La expresión suena a entremés cervantino, a enjuague supremacista

Jim, el esclavo africano de la miniserie ‘Raíces‘, recibe una doble reprimenda. La primera, por ansiar la libertad. La segunda, por no aceptar el nombre que le ha sido impuesto. No importa cuántas veces lo azoten, él dirá llamarse Kunta Kinte, en lugar de Jim. Esta semana, Junts pidió al Gobierno la transferencia a la Generalitat de las competencias sobre inmigración, así como lo correspondiente a los asuntos de integración, identidad y lengua.

Míriam Nogueras, la portavoz de los nacionalistas en el Congreso, pensará que los españoles son mansos, dóciles y holgazanes, de la misma forma en que los amos veían al esclavo fugitivo en la serie televisiva basada en la novela de Alex Haley. Para alguien que sugiere la existencia de una excepción catalana y discrimina la concesión de un permiso de residencia según el idioma, el asunto presupone segregación. Quienes no hablan catalán merecen, como Kunta Kinte, un castigo. Mejor Jordi que Jorge.

Hace casi un siglo, los padres de la escritora y Nobel de Literatura Nadine Gordimer escaparon de una tragedia para meterse en otra. Llegaron a Sudáfrica huyendo de la ola antisemita que ya a comienzos del siglo XX recorría Europa. Mitad inglesa, mitad judía, Gordimer creció en una sociedad donde la discriminación tenía rango legal. Como Doris Lessing o J.M. Coetzee, Gordimer plasmó en sus libros la violencia que avasalla, día a día: el grifo roto de la palabra y los sentimientos. La paranoia de la pureza. Eso que comienza en el lenguaje y se hincha como un pan venenoso en el corazón de las sociedades.

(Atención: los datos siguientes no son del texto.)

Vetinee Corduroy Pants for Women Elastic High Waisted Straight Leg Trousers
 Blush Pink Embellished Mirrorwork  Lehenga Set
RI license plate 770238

Hay quienes pueden creer en la paz, incluso en la paz a cualquier precio, pero cuando asoma la pulsión de la segregación, la xenofobia y el nacionalismo, ninguna paz merece ser considerada como tal. Ese odio jurásico que el nacionalismo guarda en la gaveta sirve de mucho, hoy, a los que desean conservar el poder y a aquellos que desean asaltarlo. Hay quienes llevan años sacándole brillo a ese agravio. Días y días abjurando de esos impíos especímenes castellanohablantes que deberían de ser desterrados o expulsados, según las exigencias del partido de Puigdemont.

La expresión «acogimiento lingüístico» utilizada por el nacionalismo catalán, y repetida al dedillo por los portavoces del Ejecutivo, suena a lo que el ‘Retablo de las Maravillas’ en el entremés homónimo cervantino. Presos de miedo a ser considerados cristianos conversos o bastardos, y por tanto a perder el apoyo parlamentario, los miembros del gabinete de Pedro Sánchez dan por mágico el trampantojo del secesionismo: se asombran, dicen ver lo que no existe, incluso sobreactúan con tal de no ser tomados por infieles, como aquellos habitantes de la villa a la que llegaron los pícaros Chanfalla y Chirinos, con su tablón de madera. Ahí donde el PSOE dice ver el progresismo, como los parroquianos aseguraban ver al señor en un trozo del palo, ante la tablilla del nacionalismo se congrega una turba capaz de azotar, como a Kunta Kinte, a aquellos que se resistan a ser llamados Jordi.